Here's Peter Boettke's plea for simplicity in economics as the key to reforming our troubled economy. Yes, I'm sure our technocratic overlords will get on that right away: Simple Economics Is Not Necessarily Simple Minded
In Extraordinary times, what we need most is ordinary economics. Crises such as the collapse of communism, the failure of development planning, the rise of tensions over globalization, the consequences of a major natural disaster, and financial collapse need to be met not by extraordinary theories designed to provide emergency room economics, but by a return to cool-headed and basic economic principles. Incentives matter even in the economic emergency room, and in fact, since we are dealing with an emergency to forget that basic point is perhaps even more costly than in normal time, perhaps so costly as to be deadly for the economy. Losing our heads as economists and violating the basic principles of the discipline is how we turn a market correction in to an economy wide crisis --- which in my view is what we have done over the last year and a half.

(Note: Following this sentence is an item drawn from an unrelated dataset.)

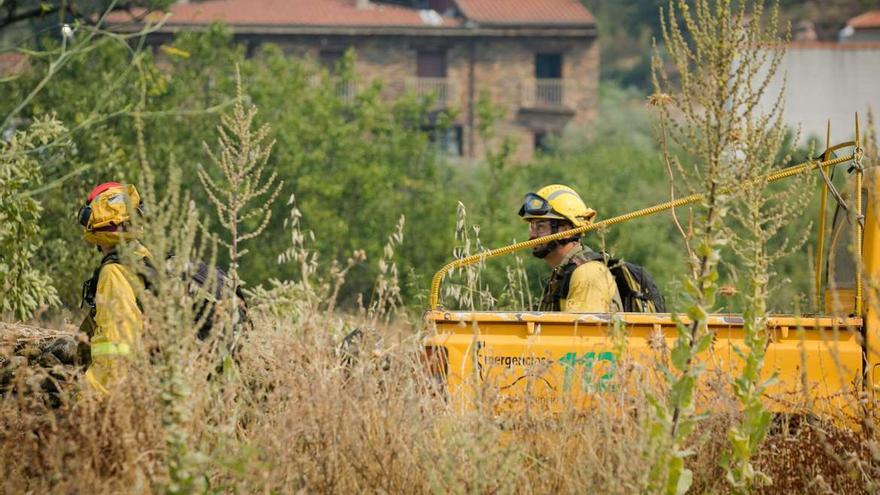 Dos bomberos trabajan en el incendio en Casas de Miravete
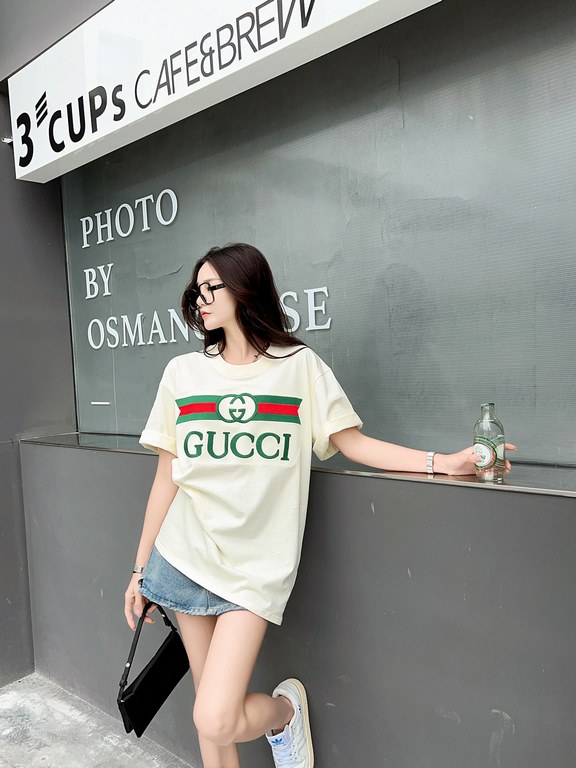 Gucci Gucci Logo Oversized Stylized Embroidered Short Sleeve T-Shirt with Interlocking Buttons-Model's Image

I can't disagree with any of that. But, when virtually everyone who is presently in a position to reform the system is a PhD with an Ivy League background, it is a faint hope indeed that they will enthusiastically embrace simplicity as a panacea. In fact, complexity is the only thing they will respect, and Americans who object to bizarrely convoluted "comprehensive" reform will be chided for their ignorance and childishness.